On RSS and Atom

DeWitt Clinton
July 2006

RSS is great. No, I'll go further than that. RSS, as a representation of an idea, is perhaps the single most influential cultural shift of the post-2001 technical and business community. RSS is the embodiment of the notion of sharing and syndication. Businesses will do well the heed the lessons being taught by people like Dave Winer and Robert Scoble. Users and customers alike want open access to data, and the ideas behind RSS will go a long way toward realizing their needs.

That said, RSS (the format) itself isn't always the answer. I worry that people are sometimes pushing a particular implementation (RSS 2.0) over the ideas behind the technology (content syndication). That's not to say that the marketing message of "adopt RSS, your users will love you" is a bad one. It's not; it certainly helps drive the concepts home in a concrete way that anyone, even the non-technical, can understand.

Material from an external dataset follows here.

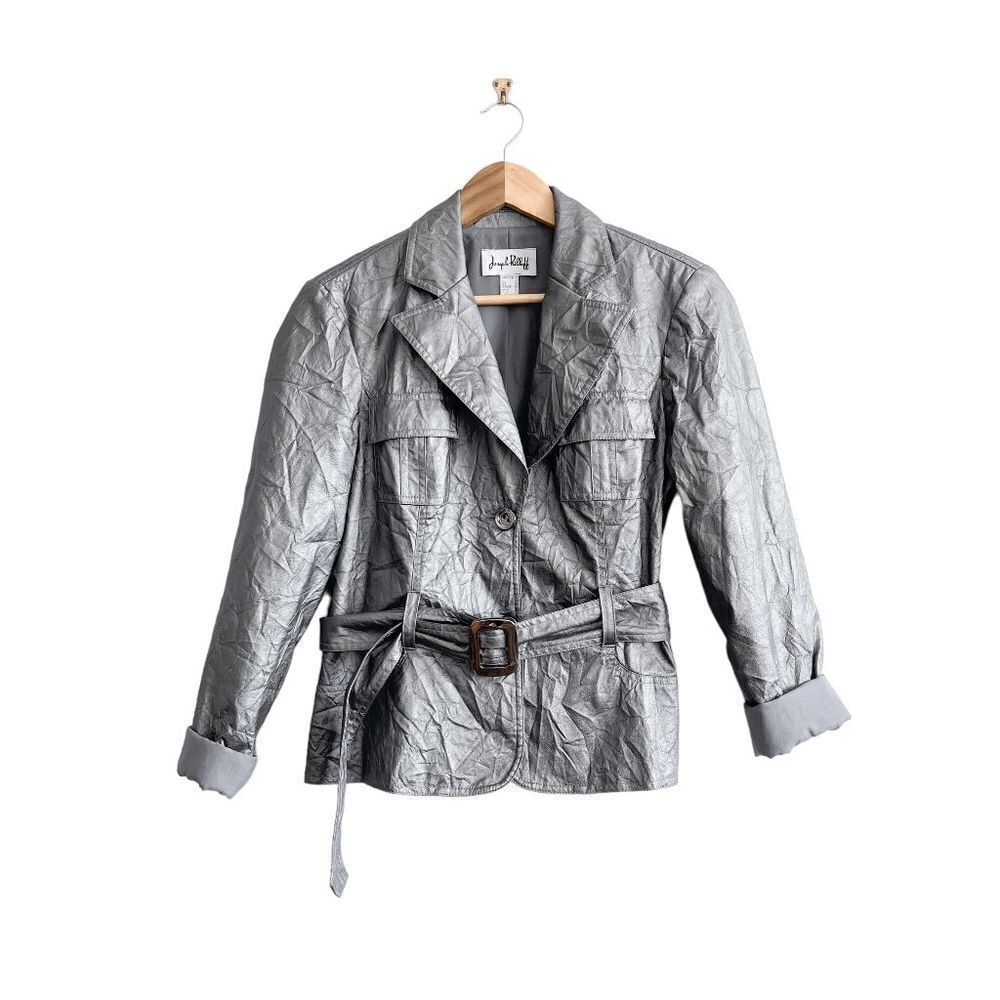 Joseph Ribkoff Silver Leather Belted Jacket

As important as it is as a cultural shift, RSS 2.0 as a format does have a few shortcomings. And one of those shortcomings is particularly worrisome, as it diminishes the overall value of syndicating content to begin with.

The issue is technical but hopefully a simple illustration can demonstrate:

Can you spot the differences between the following snippets of RSS:

  <description>
    The quick brown fox jumps over the lazy dog.
  </description>

  <description>
    The quick brown fox &lt;em&gt;jumps&lt;/em&gt; over the lazy dog.
  </description>

  <description>
    <![CDATA[The quick brown fox <em>jumps</em> over the lazy dog.]]>
  </description>

If you're a human then you'll probably have no problems spotting that the first one is plain text, the second one is XML-escaped HTML, and the third is HTML wrapped in an XML CDATA section. If presented in a web browser, in a HTML <div/> tag perhaps, then a human will have no trouble interpreting the content.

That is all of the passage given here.